**Given data:**
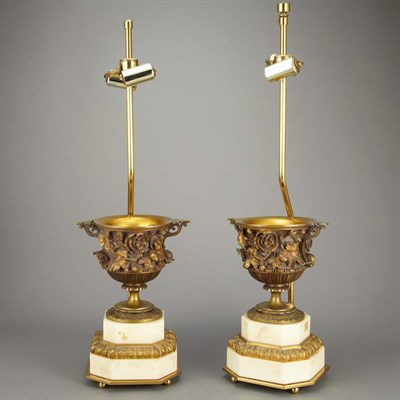 Lot 168 - Pair of Neoclassical Style Bronze and Marble...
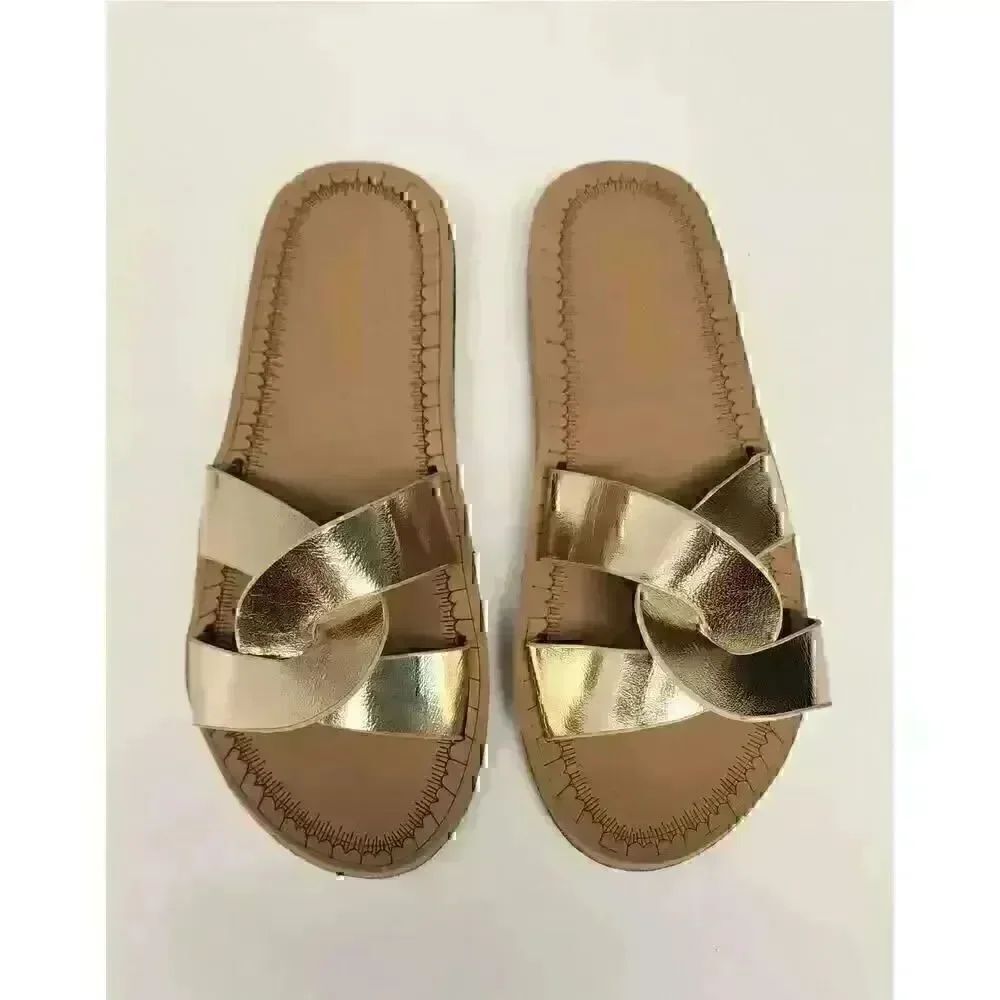 Bamboo Gold Metallic Flat Sandals Size 5.5 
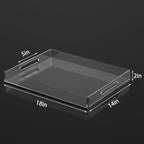NIUBEE Acrylic Serving Tray 14x18 Inches -Spill Proof- Clear Decorative Tray Organiser for Ottoman Coffee Table Countertop with Handles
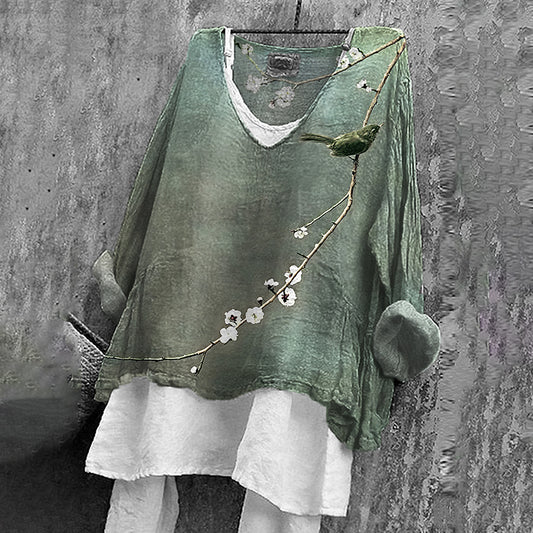 Comstylish Women's Japanese Floral & Birds Art Linen Blend T-shirt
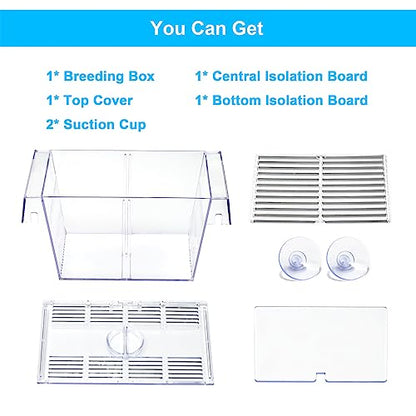 Fish Breeding Box Aquarium Holding Tank Transparent Fish Isolation Box Acclimation Hatchery Incubator Breeder for Betta Shrimp Clownfish Guppy
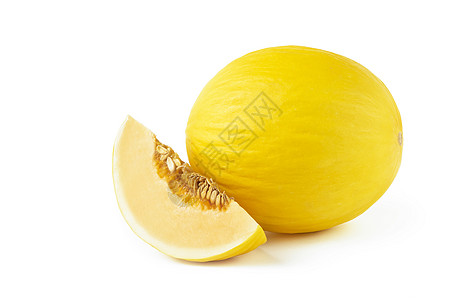 在白色背景上的甜瓜 在白色孤立的黄色瓜 新鲜多汁的瓜片 白色背景上有阴影 用于插入项目 设计或广告营养甘露小路绿色热带蜂蜜食物蜜图片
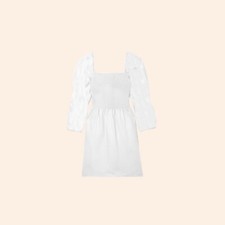 NWT $248 Reformation Brodie Linen Dress White Mini Open Back Puff Long Sleeve 6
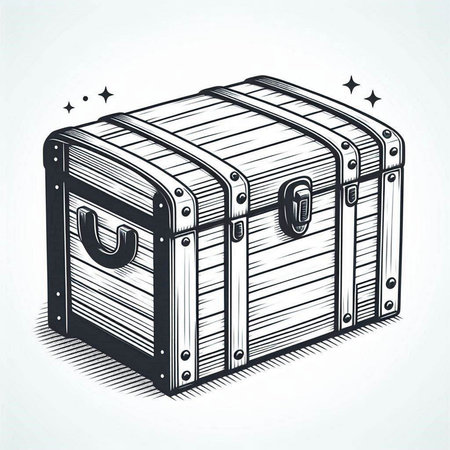Treasure chest in engraving style. Hand drawn vector illustration.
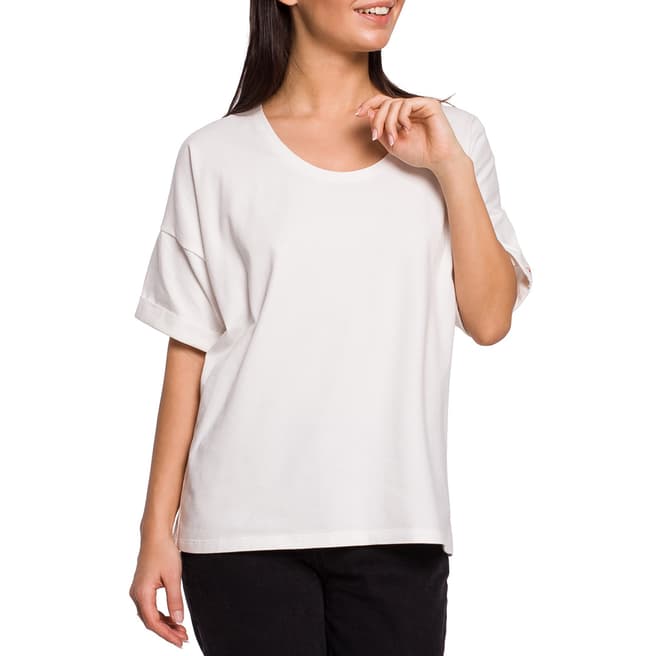 Bewear Ecru Oversized Short Sleeve T-Shirt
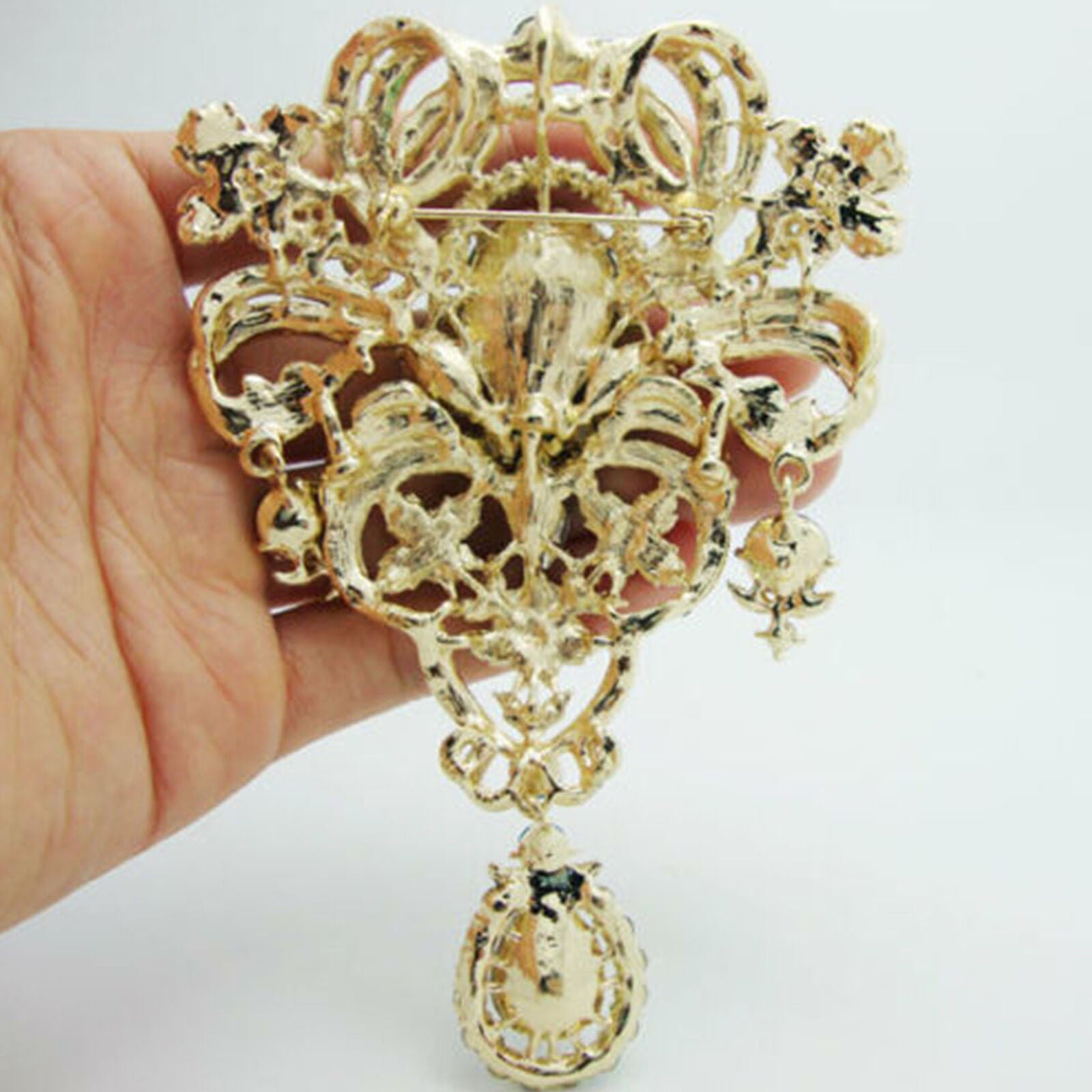 5.04" Classic style Flower drop Brooch Pin Pendant Red Crown Rhinestone Crystal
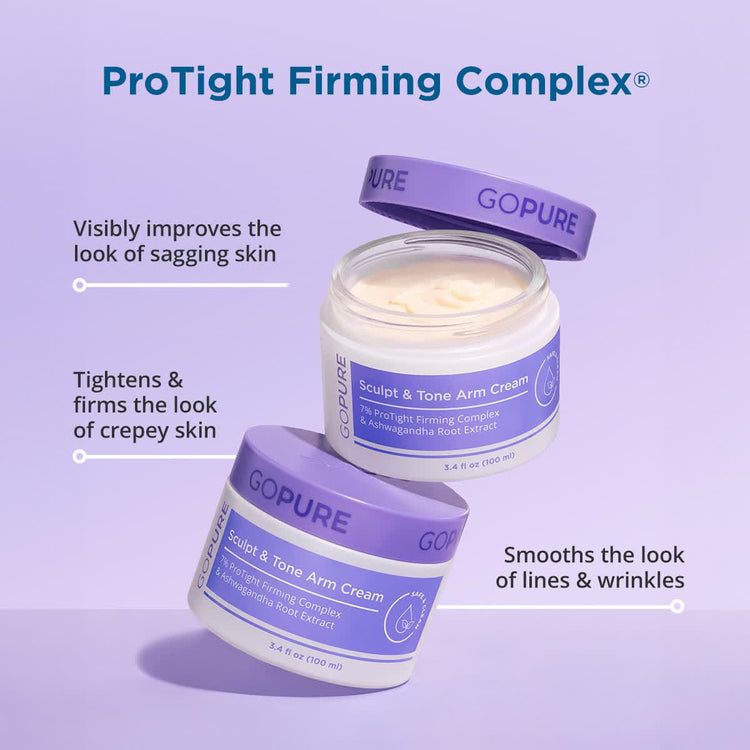 A jar of Gopure Sculpt & Tone Arm Cream is shown, slightly open with a creamy texture visible inside. The jar features a purple lid and label, highlighting "7% ProTight Firming Complex & Ashwagandha Root Extract." Text on the image emphasizes benefits, including "Visibly improves the look of sagging skin," "Tightens & firms the look of crepey skin," and "Smooths the look of lines & wrinkles." The background is a soft lavender color.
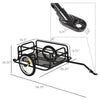 Foldable Bike Cargo Trailer Bicycle Cart Wagon Trailer w/ Hitch, 16'' Wheels, 88 lbs Max Load - Black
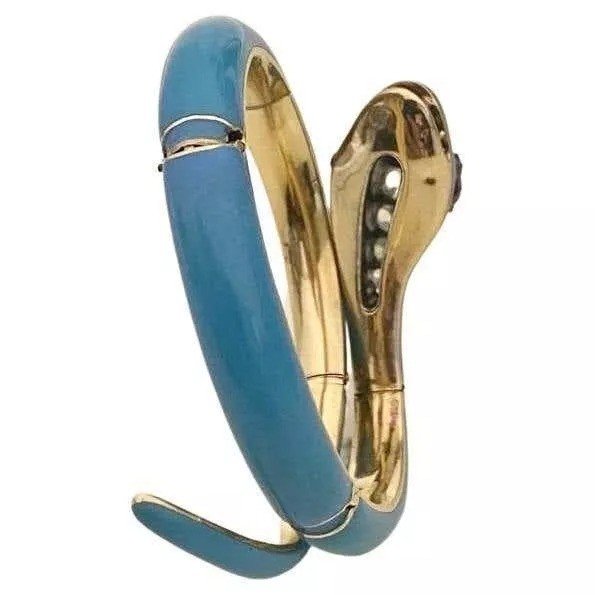 Bracelet Serpent Victorien En émail Turquoise Avec Diamants Anciennes De 2,80ct Et Rubis-photo-2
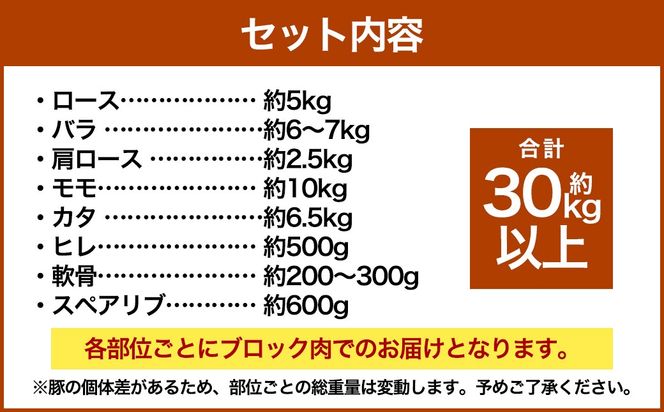 【豚半頭分！】完全無薬！梅肉エキス肥育 熊本県産 天草梅肉ポーク 食べ尽くしセット 半頭 約30kg以上 肉 お肉 豚肉 ポーク 詰め合わせ セット 冷凍 熊本県 上天草市
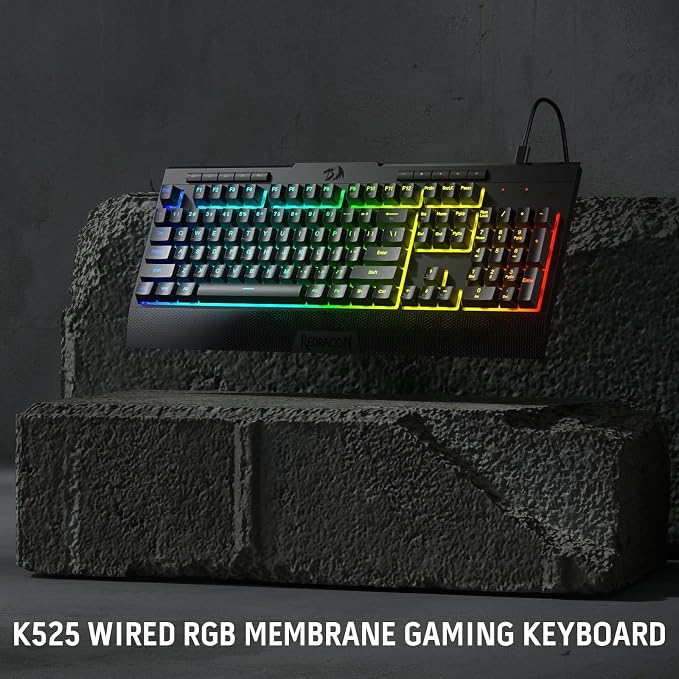 Redragon K525 RGB Backlit 104 Keys Wired Membrane Gaming Keyboard w/ 5 Multimedia Keys & 4 Extra On-Board Macro Keys, Dedicated Media Control, Ergonomic Wrist Rest, Linear Mechanical-Feel Switch - Image 9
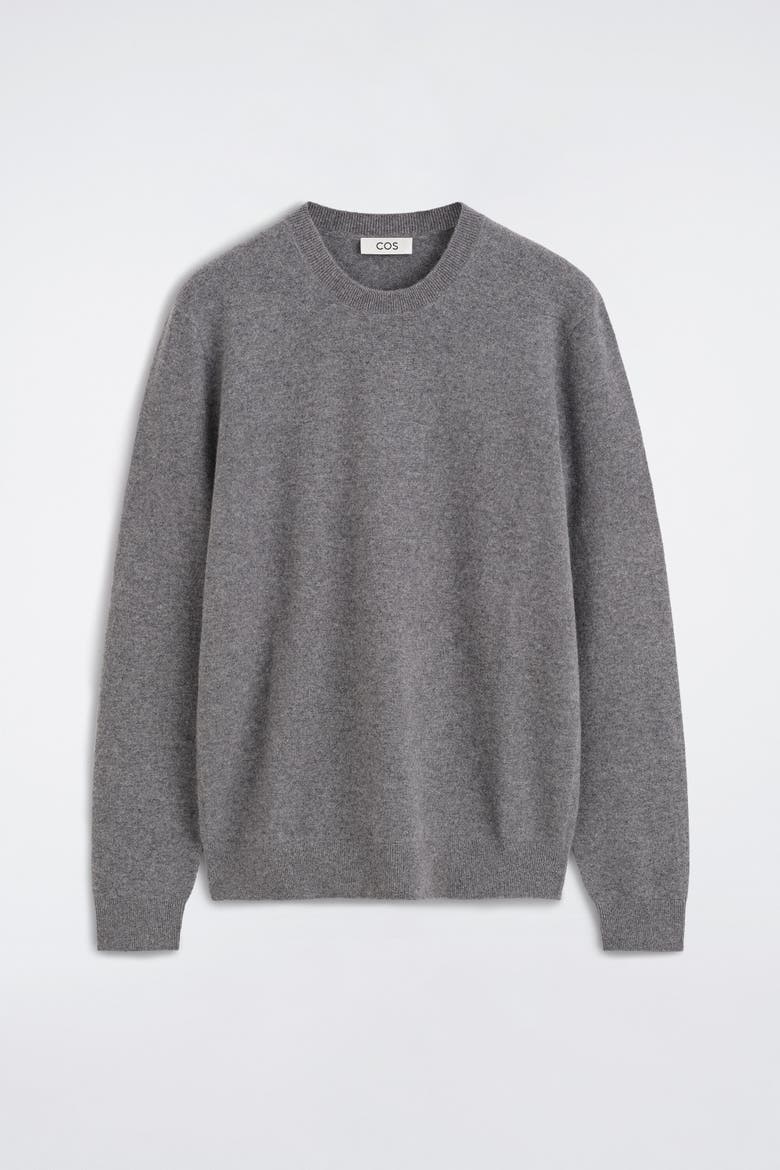 Pure Cashmere Crew-neck Sweater, Alternate, color, GRAY MÉLANGE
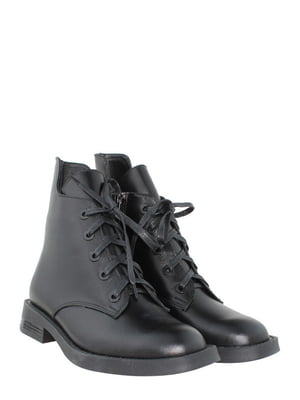 Чорні черевики з натуральної шкіри на блискавці та шнурівці | 6680131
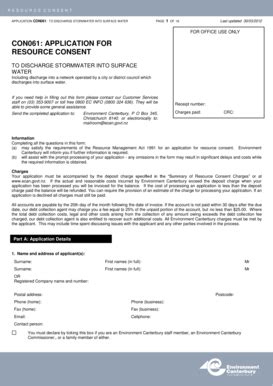 Fillable Online Application For Resource Consent To Discharge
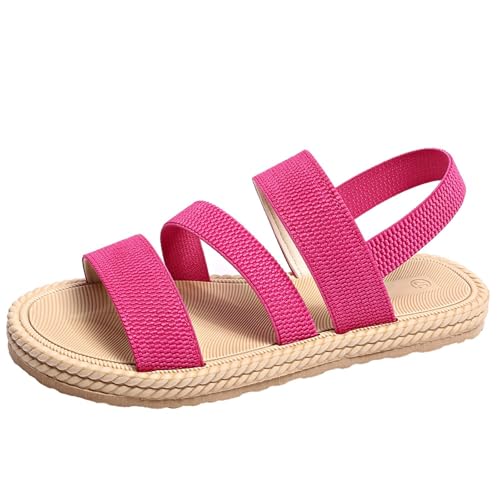 Sandalias planas para mujer, sandalias de playa de verano, antideslizantes, planas, informales, modernas, de verano, para piscina, mar, playa, sandalias transpirables con plantilla suave, Rosa., 40 EU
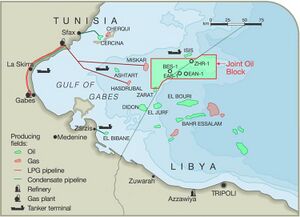 موقع حقل البوري على الحدود البحرية بين تونس وليبيا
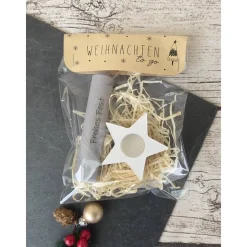 Weihnachten in der Tüte ~ Weihnachten to go ~ Geschenktütchen Kerze mit Halter ~ Mitbringsel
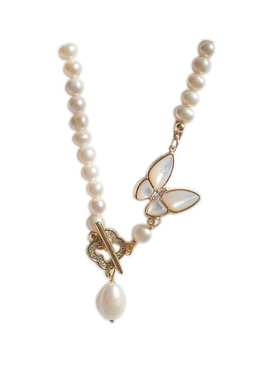 天然母贝蝴蝶淡水珍珠项链
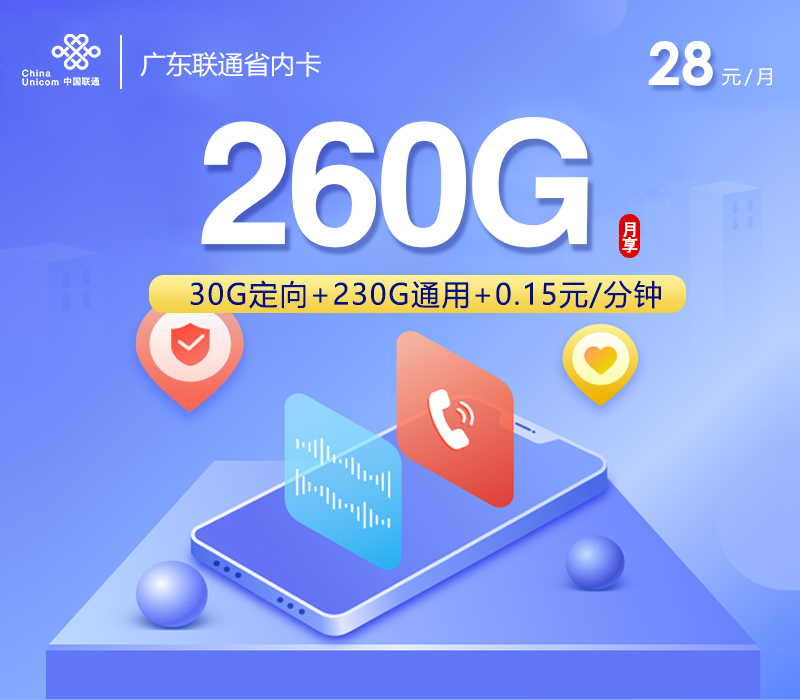 广东联通省内卡【28元260G】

**To do:** Please return only the lines from the top of the data through the line with "Bewear Ecru Oversized Short Sleeve T-Shirt", exactly as written, and drop every picture.

**Task response:**
 Lot 168 - Pair of Neoclassical Style Bronze and Marble...
 Bamboo Gold Metallic Flat Sandals Size 5.5 
NIUBEE Acrylic Serving Tray 14x18 Inches -Spill Proof- Clear Decorative Tray Organiser for Ottoman Coffee Table Countertop with Handles
 Comstylish Women's Japanese Floral & Birds Art Linen Blend T-shirt
 Fish Breeding Box Aquarium Holding Tank Transparent Fish Isolation Box Acclimation Hatchery Incubator Breeder for Betta Shrimp Clownfish Guppy
 在白色背景上的甜瓜 在白色孤立的黄色瓜 新鲜多汁的瓜片 白色背景上有阴影 用于插入项目 设计或广告营养甘露小路绿色热带蜂蜜食物蜜图片
 NWT $248 Reformation Brodie Linen Dress White Mini Open Back Puff Long Sleeve 6
Treasure chest in engraving style. Hand drawn vector illustration.
 Bewear Ecru Oversized Short Sleeve T-Shirt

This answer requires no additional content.